White House Wants Ideas For "Bootstrapping a Solar System Civilization"
MarkWhittington writes Tom Kalil, the Deputy Director for Policy for the White House Office of Science and Technology Policy and Senior Advisor for Science, Technology and Innovation for the National Economic Council, has an intriguing Tuesday post on the OSTP blog. Kalil is soliciting ideas for "bootstrapping a solar system civilization." Anyone interested in offering ideas along those lines to the Obama administration can contact a special email address that has been set up for that purpose. The ideas that Kalil muses about in his post are not new for people who have studied the question of how to settle space at length. The ideas consist of sending autonomous robots to various locations in space to create infrastructure using local resources with advanced manufacturing technology, such as 3D printing. The new aspect is that someone in the White House is publicly discussing these concepts.
The subject line says it all, but just to clarify it a bit more, the global power requirement for 2020 is projected to be under 22 TW (we use 20 TW or so right now, depending on how you measure it).
In contrast, mean solar insolation on the planet is around 150,000 TW at ground level. It doesn't take a mathematical genius to work out from this that our civilization's power needs are completely insignificant compared to the power arriving from the Sun, by orders of magnitude.
Of course we can't harness those 150,000 TW, but 22 TW could be captured using very little acreage (0.015% of the Earth's surface) in any sunny desert, and there are lots of those available. Only a tiny fraction would be needed.

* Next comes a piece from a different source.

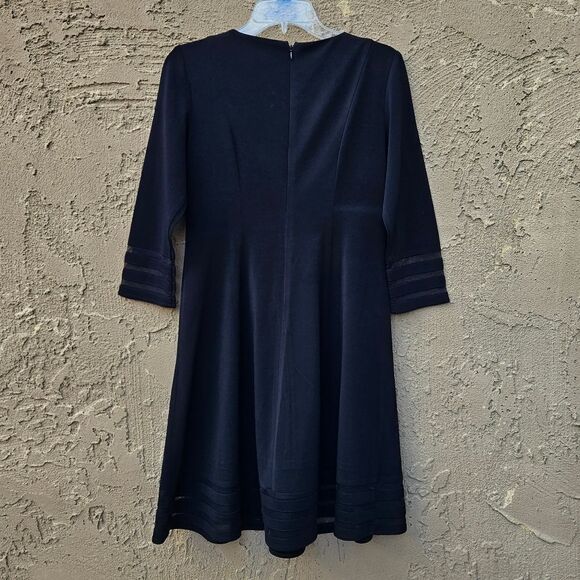 Jessica Howard Black Shadow Stripe Fit and Flare Party Dress - Picture 14 of 16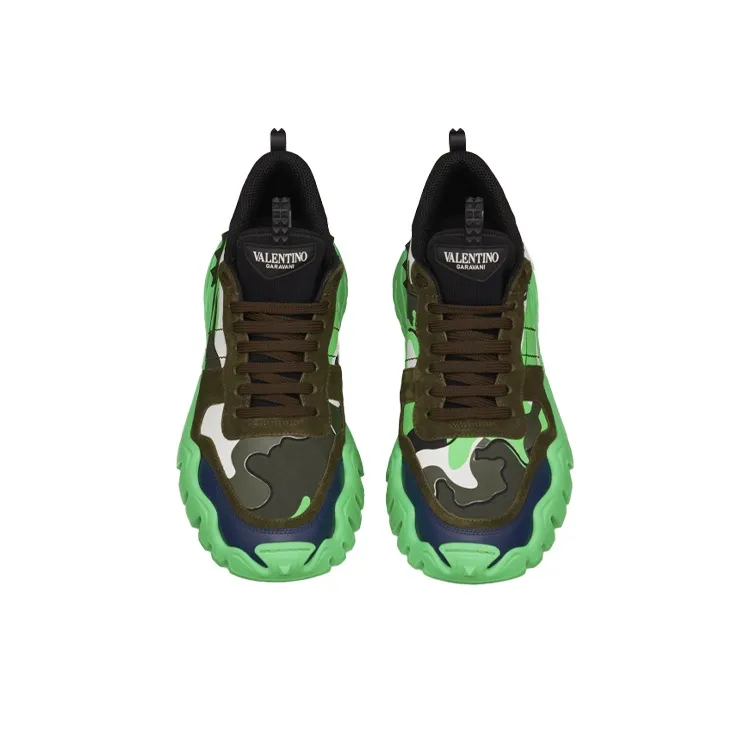 Valentino Rockrunner Plus GARAVANI Lightweight Low Top Casual Shoes Men's Green-3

So, I don't know where someone got the idea that solar energy cannot meet our needs, it's so hugely wrong that it's funny.
But wait, the above figures are at ground level . Do you realize how much power could be harnessed in Low Earth Orbit and beamed down safely at low power density? (Design studies for this have already been made.) The amount of power available in LEO is so mind-blowingly enormous that doing a calculation becomes completely pointless. It's astronomic. And we don't have to stop at LEO.
Sorry to burst the bubble of your misconceptions, but you're wrong. Solar energy is, for all human intents and purposes, limitless.